> Stored data:
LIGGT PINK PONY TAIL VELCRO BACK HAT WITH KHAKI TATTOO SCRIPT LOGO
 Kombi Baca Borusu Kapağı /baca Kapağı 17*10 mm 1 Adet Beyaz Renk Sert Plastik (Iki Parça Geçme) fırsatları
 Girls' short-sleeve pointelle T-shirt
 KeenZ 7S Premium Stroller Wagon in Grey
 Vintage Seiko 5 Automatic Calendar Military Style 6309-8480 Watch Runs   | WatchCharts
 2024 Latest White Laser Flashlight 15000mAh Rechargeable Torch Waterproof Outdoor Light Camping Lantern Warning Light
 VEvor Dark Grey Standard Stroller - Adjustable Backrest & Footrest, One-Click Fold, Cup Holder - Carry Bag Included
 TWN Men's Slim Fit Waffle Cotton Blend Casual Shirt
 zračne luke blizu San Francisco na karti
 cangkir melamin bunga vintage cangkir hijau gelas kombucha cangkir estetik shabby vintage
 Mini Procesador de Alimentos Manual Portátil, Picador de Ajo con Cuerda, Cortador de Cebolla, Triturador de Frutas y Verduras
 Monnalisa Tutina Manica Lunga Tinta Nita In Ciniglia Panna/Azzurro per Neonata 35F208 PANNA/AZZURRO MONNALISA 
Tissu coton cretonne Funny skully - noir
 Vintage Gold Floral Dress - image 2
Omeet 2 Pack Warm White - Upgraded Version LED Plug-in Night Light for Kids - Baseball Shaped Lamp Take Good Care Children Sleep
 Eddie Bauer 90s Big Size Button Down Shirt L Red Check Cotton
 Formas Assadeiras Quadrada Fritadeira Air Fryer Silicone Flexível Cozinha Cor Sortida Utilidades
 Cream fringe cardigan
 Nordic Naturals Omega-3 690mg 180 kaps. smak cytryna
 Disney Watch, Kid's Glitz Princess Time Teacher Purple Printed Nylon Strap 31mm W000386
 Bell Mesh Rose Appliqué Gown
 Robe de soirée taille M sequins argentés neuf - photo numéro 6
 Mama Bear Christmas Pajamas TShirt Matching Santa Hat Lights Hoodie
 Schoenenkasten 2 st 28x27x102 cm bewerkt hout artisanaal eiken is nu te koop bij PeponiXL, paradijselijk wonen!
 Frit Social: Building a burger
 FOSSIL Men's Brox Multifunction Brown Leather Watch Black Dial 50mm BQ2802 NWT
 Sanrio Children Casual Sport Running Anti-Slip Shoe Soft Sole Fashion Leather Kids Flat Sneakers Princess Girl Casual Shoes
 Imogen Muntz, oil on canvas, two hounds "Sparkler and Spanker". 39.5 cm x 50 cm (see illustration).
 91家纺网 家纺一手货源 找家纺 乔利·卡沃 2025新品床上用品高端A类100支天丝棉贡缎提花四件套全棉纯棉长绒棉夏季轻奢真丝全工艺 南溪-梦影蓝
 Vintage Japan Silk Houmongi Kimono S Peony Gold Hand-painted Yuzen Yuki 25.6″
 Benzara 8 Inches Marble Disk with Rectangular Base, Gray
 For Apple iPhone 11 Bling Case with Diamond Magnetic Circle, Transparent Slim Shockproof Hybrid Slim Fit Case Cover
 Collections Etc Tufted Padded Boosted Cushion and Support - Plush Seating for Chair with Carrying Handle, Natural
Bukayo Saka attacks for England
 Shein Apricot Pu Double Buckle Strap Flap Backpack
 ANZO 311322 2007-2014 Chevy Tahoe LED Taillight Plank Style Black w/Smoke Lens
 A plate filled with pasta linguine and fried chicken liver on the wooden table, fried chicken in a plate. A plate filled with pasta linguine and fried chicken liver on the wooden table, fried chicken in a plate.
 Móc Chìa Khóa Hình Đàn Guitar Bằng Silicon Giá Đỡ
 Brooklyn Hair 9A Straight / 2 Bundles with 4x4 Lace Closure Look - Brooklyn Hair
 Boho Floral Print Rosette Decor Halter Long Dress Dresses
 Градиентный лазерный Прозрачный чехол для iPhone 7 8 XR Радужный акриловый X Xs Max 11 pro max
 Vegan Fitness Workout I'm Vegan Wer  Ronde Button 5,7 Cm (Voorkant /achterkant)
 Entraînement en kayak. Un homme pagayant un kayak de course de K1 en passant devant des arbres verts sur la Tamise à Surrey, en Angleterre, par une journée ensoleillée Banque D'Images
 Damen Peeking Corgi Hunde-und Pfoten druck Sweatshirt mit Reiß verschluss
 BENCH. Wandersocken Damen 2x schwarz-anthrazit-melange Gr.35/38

> About this task: Look above for the line that holds "Boho Floral Print", then copy it and each line after it exactly, through the last line of the data.

> Expected output:
 Boho Floral Print Rosette Decor Halter Long Dress Dresses
 Градиентный лазерный Прозрачный чехол для iPhone 7 8 XR Радужный акриловый X Xs Max 11 pro max
 Vegan Fitness Workout I'm Vegan Wer  Ronde Button 5,7 Cm (Voorkant /achterkant)
 Entraînement en kayak. Un homme pagayant un kayak de course de K1 en passant devant des arbres verts sur la Tamise à Surrey, en Angleterre, par une journée ensoleillée Banque D'Images
 Damen Peeking Corgi Hunde-und Pfoten druck Sweatshirt mit Reiß verschluss
 BENCH. Wandersocken Damen 2x schwarz-anthrazit-melange Gr.35/38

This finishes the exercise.